International relations

The following year in Belgrade, Berlinguer met with Yugoslav president Josip Broz Tito, with a view to further developing his relationships with the major communist parties of Europe, Asia and Africa. In 1976, Berlinguer confirmed the autonomous position of the PCI vis-à-vis the Soviet Communist Party. Before 5,000 communist delegates in Moscow, he spoke of a "pluralistic system" (translated by the interpreter as "multiform"), referring to the PCI's intentions to build "a socialism that we believe necessary and possible only in Italy".

When Berlinguer finally secured the PCI's condemnation of any kind of "interference", the rupture with the Soviets was effectively complete (although the party still for some years received money from Moscow). Since Italy was suffering the "interference" of NATO, the Soviets said it seemed that the only interference that the Italian Communists could not suffer was the Soviet one. In an interview with Corriere della Sera, Berlinguer declared that he felt "safer under NATO's umbrella". Berlinguer's acceptance of NATO did not dent U.S. suspicion of him: appearing on the cover of Time on 14 June 1976, he was named "The Red Threat".

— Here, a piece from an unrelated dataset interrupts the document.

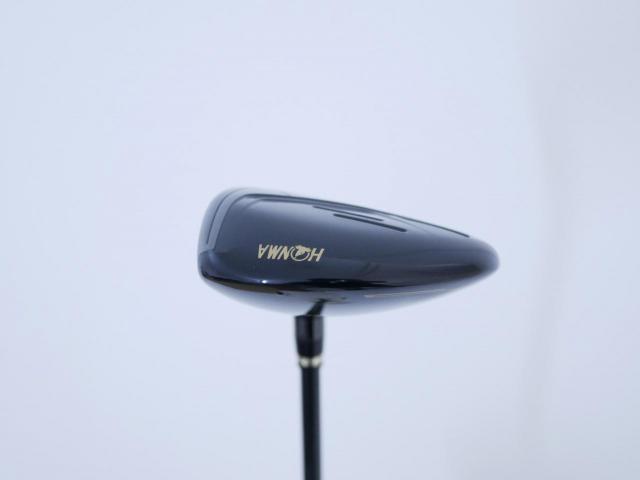 Fairway Wood : Honma :  หัวไม้ 3 Honma Beres 09 Black (รุ่นล่าสุด ออกปี 2024) Loft 15 ก้าน Honma ARMRQ FX Black Flex S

In 1977 at a meeting in Madrid between Berlinguer, Santiago Carrillo of the Spanish Communist Party, and Georges Marchais of the French Communist Party, the fundamental lines of Eurocommunism were laid out. A few months later, Berlinguer was again in Moscow, where he gave another speech which was poorly received by his hosts and published by Pravda only in a censored version.

Domestic politics

Moving step by step, Berlinguer was building a consensus in the PCI towards a rapprochement with other components of society. After the surprising opening of 1970 toward conservatives and the still discussed proposal of the Historic Compromise, he published a correspondence with Monsignor Luigi Bettazzi, the Bishop of Ivrea; and it was an astonishing event since Pope Pius XII had excommunicated the communists soon after World War II and the possibility of any relationship between communists and Catholics seemed very unlikely.

This act also served to counteract the allegation, commonly and popularly expressed, that the PCI was protecting leftist terrorists, in the harshest years of terrorism in Italy. In this context, the PCI opened its doors to many Catholics and a debate started about the possibility of contact. Notably, Berlinguer's strictly Catholic family was not brought out of its strictly respected privacy. In the general election of June 1976, the PCI gained 34.4% of the vote.

In Italy, a "government of national solidarity" was ruling, but Berlinguer said that in an emergency government a strong and powerful cabinet to solve a crisis of exceptional gravity was needed. On 16 March 1978, Aldo Moro, President of the Christian Democratic Party, was kidnapped by the Red Brigades, a Marxist-Leninist terrorist group, on the day that the new government was going to be sworn in before parliament.

During this crisis, Berlinguer adhered to the Front of Firmness (fermezza), refusing to negotiate with terrorists, who had proposed to liberate Moro in exchange for the release of some imprisoned terrorists. Despite the PCI's firm stand against terrorism, the Moro incident left the party more isolated.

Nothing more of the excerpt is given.